(Stored items from a collection)

- Opening Delimiter -

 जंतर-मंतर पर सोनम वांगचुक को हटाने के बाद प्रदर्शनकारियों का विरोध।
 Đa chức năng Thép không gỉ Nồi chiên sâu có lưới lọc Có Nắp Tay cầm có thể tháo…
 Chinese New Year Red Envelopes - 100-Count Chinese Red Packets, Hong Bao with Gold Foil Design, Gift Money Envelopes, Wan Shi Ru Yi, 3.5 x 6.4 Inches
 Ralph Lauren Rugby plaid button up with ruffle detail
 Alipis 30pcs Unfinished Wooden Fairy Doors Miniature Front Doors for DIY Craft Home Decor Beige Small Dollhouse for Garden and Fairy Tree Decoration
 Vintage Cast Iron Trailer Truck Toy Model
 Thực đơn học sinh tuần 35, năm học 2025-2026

- Closing Delimiter -
- Opening Delimiter -

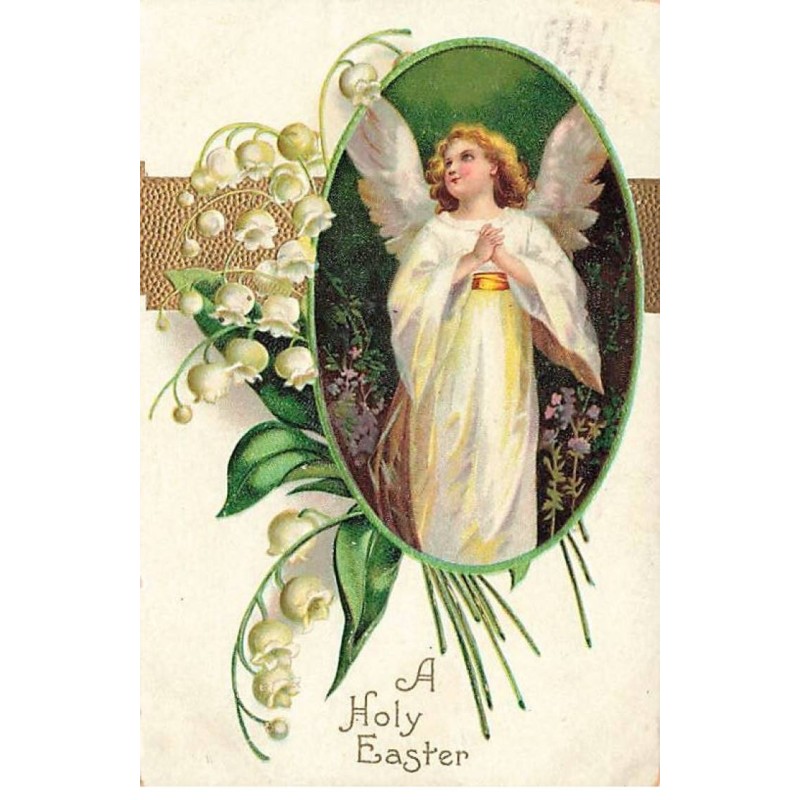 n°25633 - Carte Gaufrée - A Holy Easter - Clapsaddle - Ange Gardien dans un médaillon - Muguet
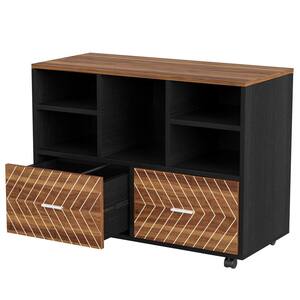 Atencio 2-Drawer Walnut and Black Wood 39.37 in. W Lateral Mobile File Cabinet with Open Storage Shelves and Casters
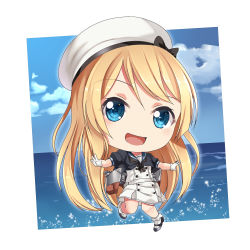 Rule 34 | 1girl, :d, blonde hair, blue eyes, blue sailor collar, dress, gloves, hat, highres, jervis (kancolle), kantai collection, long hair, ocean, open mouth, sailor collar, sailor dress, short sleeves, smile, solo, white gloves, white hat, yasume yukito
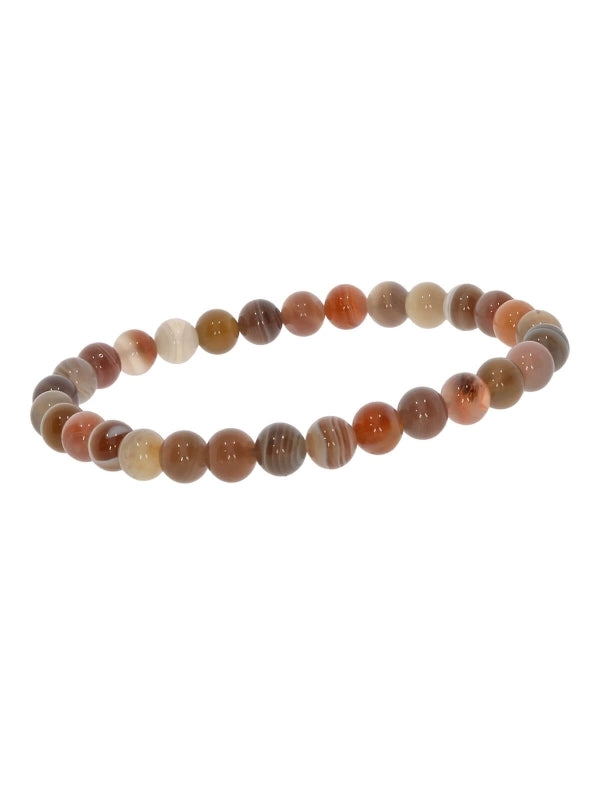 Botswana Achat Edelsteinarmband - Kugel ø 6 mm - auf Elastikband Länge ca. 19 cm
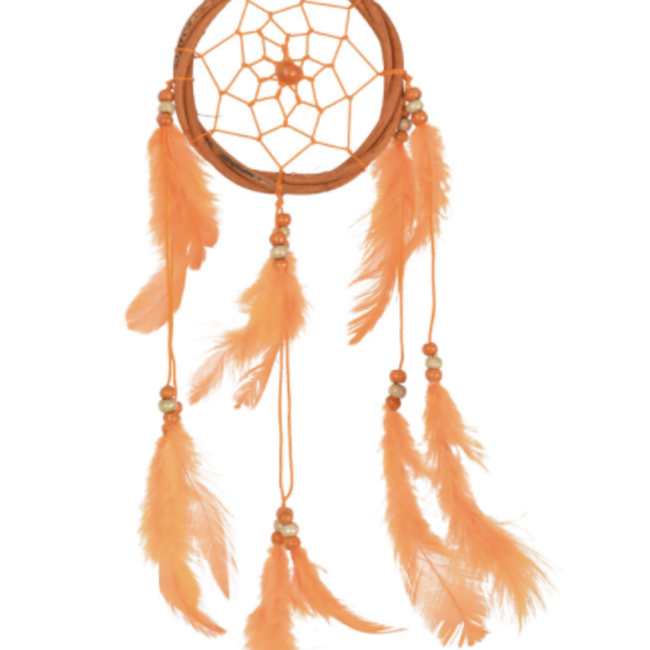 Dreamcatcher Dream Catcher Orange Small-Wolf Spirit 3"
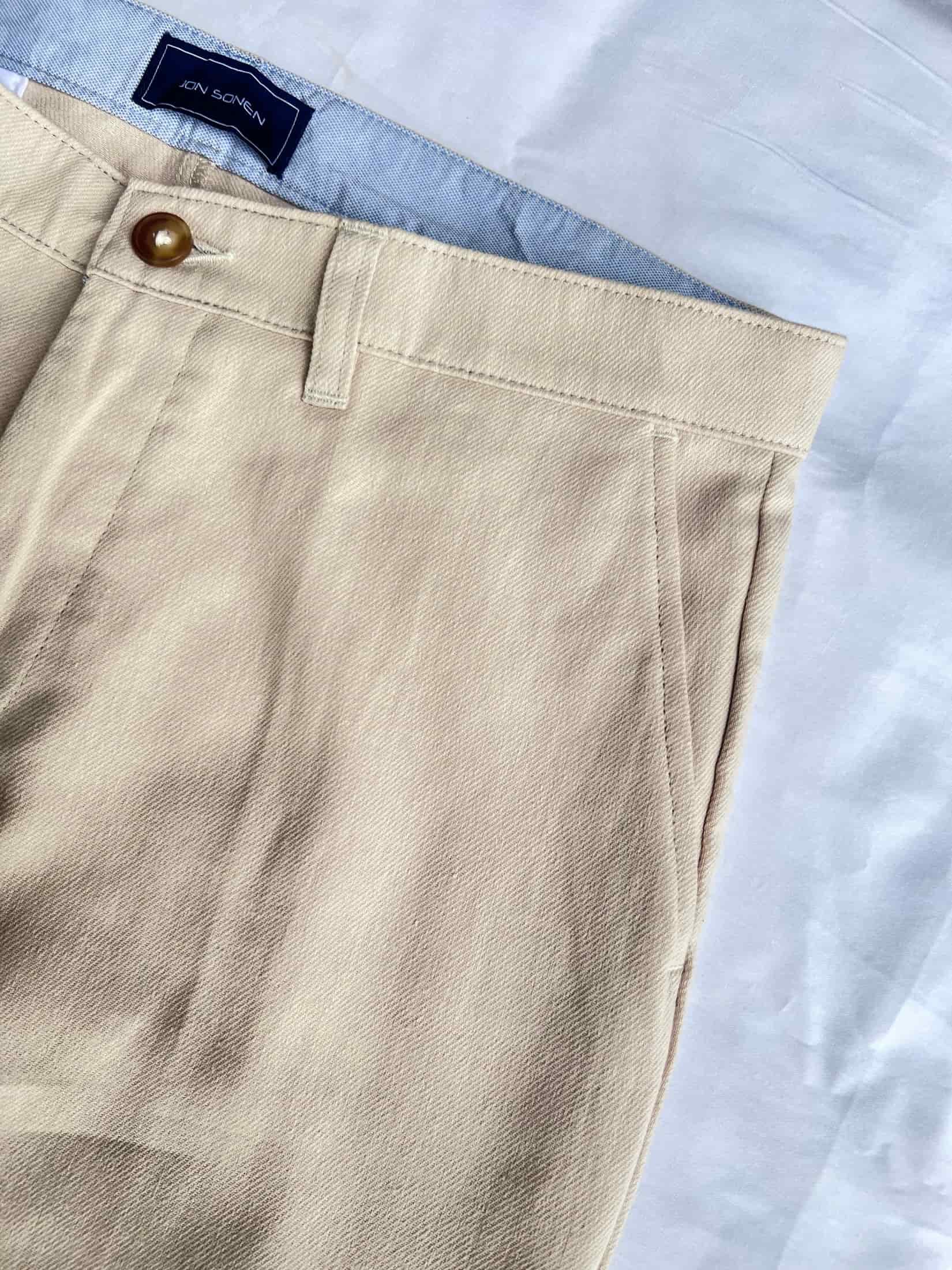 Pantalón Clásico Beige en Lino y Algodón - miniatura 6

- Closing Delimiter -

Task to carry out:
Using the entries above, output exactly the lines between the line holding "जंतर-मंतर पर सोनम" and the line holding "Thực đơn học sinh tuần 35, năm học 2025-2026", end lines included, and nothing more.

Result:
 जंतर-मंतर पर सोनम वांगचुक को हटाने के बाद प्रदर्शनकारियों का विरोध।
 Đa chức năng Thép không gỉ Nồi chiên sâu có lưới lọc Có Nắp Tay cầm có thể tháo…
 Chinese New Year Red Envelopes - 100-Count Chinese Red Packets, Hong Bao with Gold Foil Design, Gift Money Envelopes, Wan Shi Ru Yi, 3.5 x 6.4 Inches
 Ralph Lauren Rugby plaid button up with ruffle detail
 Alipis 30pcs Unfinished Wooden Fairy Doors Miniature Front Doors for DIY Craft Home Decor Beige Small Dollhouse for Garden and Fairy Tree Decoration
 Vintage Cast Iron Trailer Truck Toy Model
 Thực đơn học sinh tuần 35, năm học 2025-2026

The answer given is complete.